Beacon Lesson Plan Library

Rolling Through Space

Terrie Lyons
Santa Rosa District Schools


This lesson uses a common roll of toilet paper to give students a practical means of visualizing the vast distances that separate the sun and the planets of our solar system.


The student understands the distances of the planets and the asteroid belt from the Sun are vast.


- One roll of toilet tissue for each group (at least 500 sheets)
- 10 push pins for each group
- Labels or cut outs to represent the sun and the 9 planets (see attachment)
- Planet Data Table 1 handout for each student (see attachment) To save paper you might consider putting both data tables on the same sheet of paper, back to back.
- Planet Data Table 2 handout for each student (see attachment)
- Calculators, one per student if possible, otherwise students may do the calculations in groups.
- Answer key (see attachment)
- You need to do the first part of the activity that involves making the model outside or in a long hallway.


1. Begin by assembling materials. You will need 1 roll of toilet paper and 10 pushpins for each group. Students will also need calculators and something with which to write.
2. Prepare copies of Data Table 1 (from attachment) for each group and Data Table 2 (from Attachment) for each student. Note: you may have students complete Data Table 2 as a group if you would prefer.
3. Prepare copies of the planet labels. (from attachment)
4. Remember you will need to do the first part of the activity outside or you will need to secure a long hallway to construct your model.
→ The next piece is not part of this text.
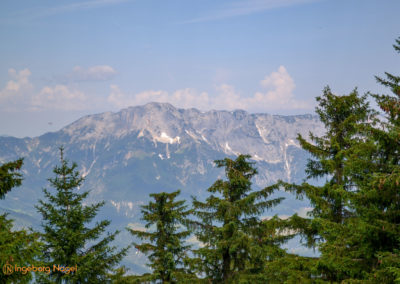 Die Rossfeld-Panoramastraße 6 Rossfeld-Panoramastraße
1. Begin the activity with a discussion of the typical model of the solar system and how the planets are shown in close proximity to each other. You may even have a model or a picture you can display. Remind the students that in reality, the solar system is spread out over millions of miles of space.
2. Remind the students that when we refer to the time it takes to travel to the other planets, we have to think of it in terms of years.
3. Define the term -scale model-. Explain to the students that they will be making a scale model of the solar system, which will help them visualize the vast distances between the planets.
4. Divide the class into groups of 3 or 4 students.
5. Furnish each group with a roll of toilet paper, 10 pushpins, one calculator and a set of planet labels. (From attachment)
6. Explain to the groups that the scale that they will be using for their model will be: one sheet of tissue equals 10,000,000 miles.
7. Hand out the document that has Data Tables 1 and 2 (From attachment)
8. Explain to the groups that they will place the sun label on the first sheet and secure it with a pushpin. From there they will use Data Table 1 to see the number of sheets they must roll off to mark each of the nine planets. This part should be done outside or in a long hallway.
9. Have the groups label and mark each of the planets on their toilet paper roll.
10. Allow the students to share and discuss some of their thoughts and feelings about the distances they have observed among the planets. This is also a good time to review the term scale model.
11.From this point on the students may return to the classroom to complete the rest of the activity. Make sure that you collect the pushpins and have the students clean up all of the toilet paper.
12. Hand out the calculators.
13. Instruct the students to complete Table 1 and calculate the distances on Table 2 and the time it would take them to travel these distances. Remind the students that the time it takes to travel the distance is based on a speed of 70 miles per hour, the speed of a car on the interstate, not the speed of a rocket. The first one has been calculated for them.
14. Wrap up the activity with a discussion on some of the problems that would be associated with traveling these distances in space. Students may also want to share with others how this activity has impacted their perceptions about distances in space.


As a formative assessment, students can be observed for participation as they count off and place the planet markers and for participation in class discussion. The answers to Data Table 2 and the guided questions on the same sheet can be used for a summative assessment if the teacher believes the benchmark has been achieved with this lesson. The answers to the questions will assure that students have gained understanding of the concept of distance in space.


This lesson can be accomplished as a joint project with the math classes because of the measurement, multiplication, and division calculations that are involved with it.